Putting you under that same dark spell is India Song, Marguerite Duras’ singular film about a diplomat wife, Anne-Marie Stretter, her affairs, and the ennui of an entire social class. While the circumstances are far from what I’ve described above, the void is the same. 

It’s 1930’s India, and the air swelters to a point where it causes a “slowness of the blood.” A darkened manor housing the French embassy sits quietly, and within, people glide ghost-like through halls filled with grand pianos, paintings, champagne flutes and silverware. But stepping through the French windows and into the opulence, you sense the curse about the place. A thin sheet of dust seems to rest on it all, and the decadently dressed diplomats and socialites don blank expressions that would appear death masks were it not for the mournful eyes that shine out with muted light. No words are spoken, but disembodied voices narrate, telling stories of Stretter’s exploits or commentating on the action unfolding on-screen with hushed voices, as if passing gossip behind cupped hands.

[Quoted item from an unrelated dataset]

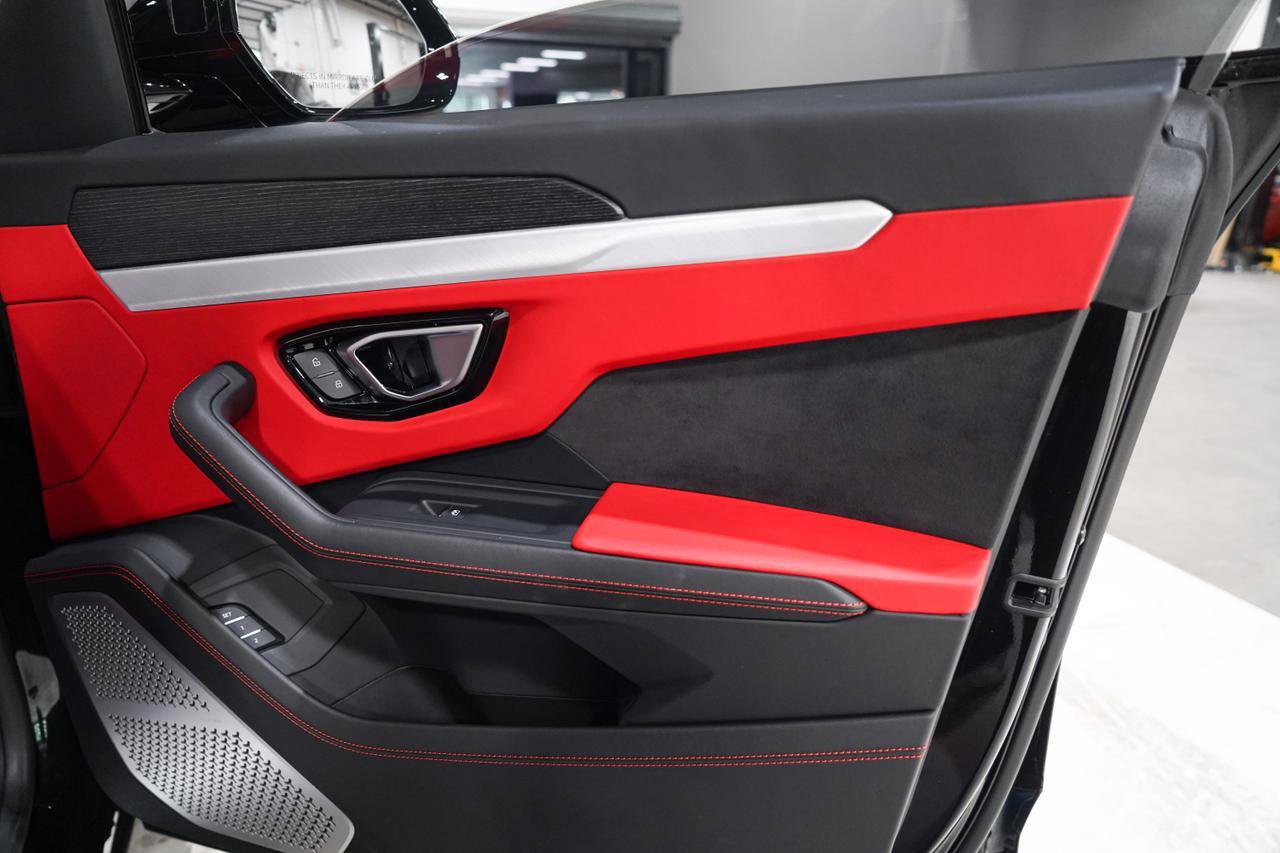 Used 2020 Lamborghini Urus AWD/4WD image 19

A plot of (not so) secret affairs and public freakouts might suggest tempestuous confrontations and passionate embraces, but not here. Instead, Duras’ treatment of languid movements, disaffected faces and subdued narration buries the film’s pulse deep beneath its still flesh. It makes India Song a dream-like experience, where you feel as if you’re watching someone’s misted recollection of those days, where minor details are brushed away to coax out the underlying emotions that roiled in the deep. 

It’s a deeply subjective rendering of these socialites, their parties and their vacuous lives, and Duras fatally seduces you through the dark allure of ruined glamour. It fills India Song with a profound sense of tragedy, as if to say the “leprosy of the heart” that Stretter is said to suffer is a fate far worse than death.

Duras is a filmmaker with a voice that’s entirely her own, and India Song’s evocative atmosphere of dead-end soul-death still stands alone all these decades later. It’ll catch you by surprise how something told so askew can land squarely in your heart, how something so delicate and sensuous can pull you under with inescapable gravity.